Os navios nunca mais se enfrentaram. Virginia foi afundada para evitar sua captura quando Norfolk caiu em maio de 1862, e Monitor foi perdido em uma tempestade em 31 de dezembro de 1862.

Mas a batalha teve um impacto imenso na guerra naval.

Provou que os navios de metal & # 8211 particularmente aqueles com torres giratórias e movidos inteiramente a vapor & # 8211 eram o futuro. Armaduras mais espessas e armas mais poderosas tiveram que ser desenvolvidas, aríetes foram reintroduzidos e & # 34monitor & # 34 se tornou o apelido de um novo tipo de navio de guerra: um pequeno navio costeiro com armas de grandes dimensões.

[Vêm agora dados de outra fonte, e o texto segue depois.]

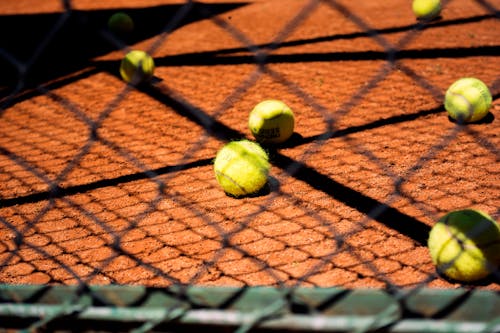 Tennis Balls on Brown Floor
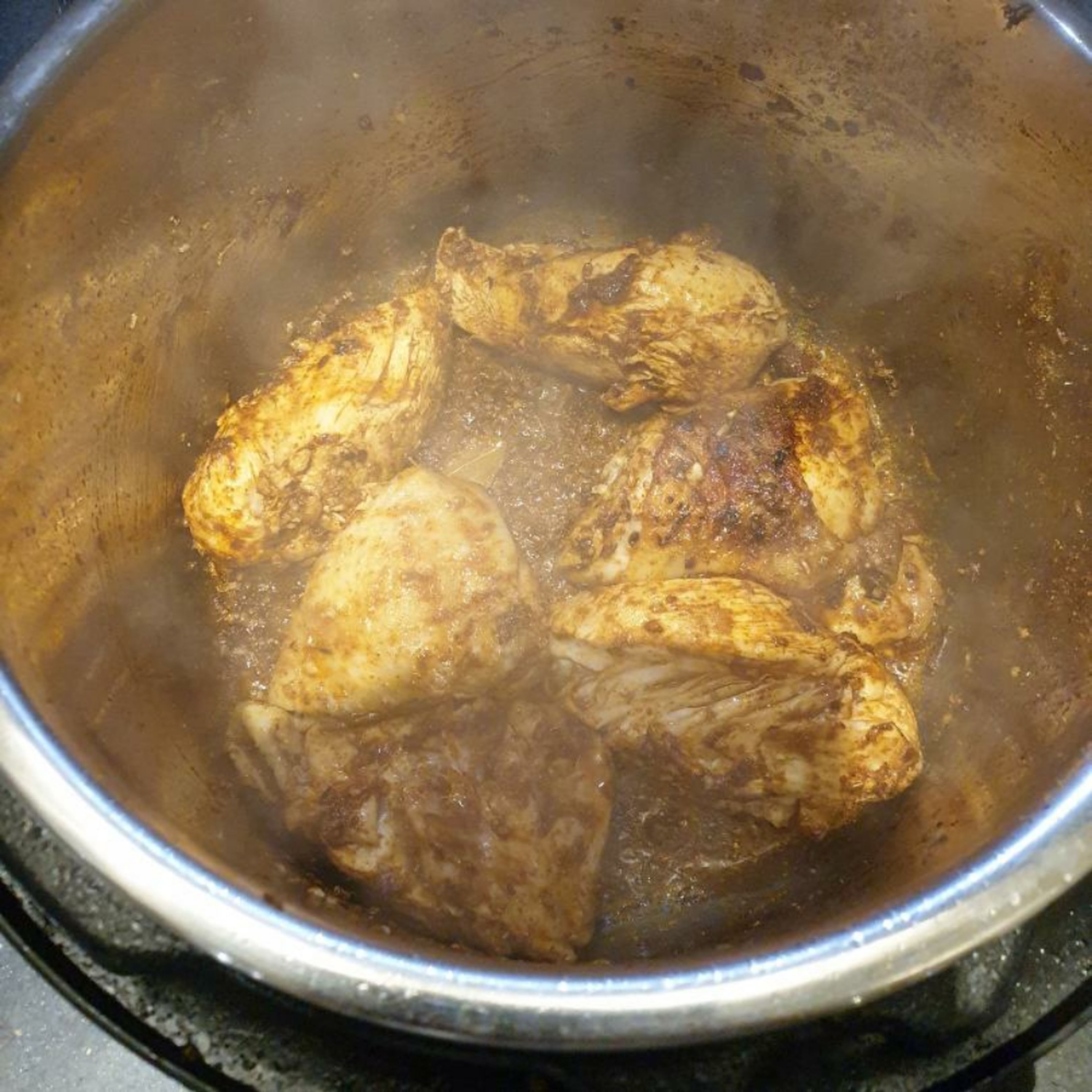 Add the ground spices and mix to coat the chicken.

A União e a Confederação construíram mais de 70 couraçados antes do fim da Guerra Civil, enquanto as principais potências navais do mundo embarcaram em uma farra de construções rígidas.

A Rússia rapidamente construiu 10 monitores da classe Uragan baseados nos designs dos navios da classe Passaic dos EUA e # 39, que sucederam o Monitor. A França e a Grã-Bretanha suspenderam a construção de todos os novos navios de madeira e construíram couraçados marítimos e costeiros.

Em 1866, couraçados italianos e austríacos se enfrentaram na Batalha de Lissa. Foi a primeira grande batalha marítima entre navios de metal e provou que eles eram agora os reis dos mares.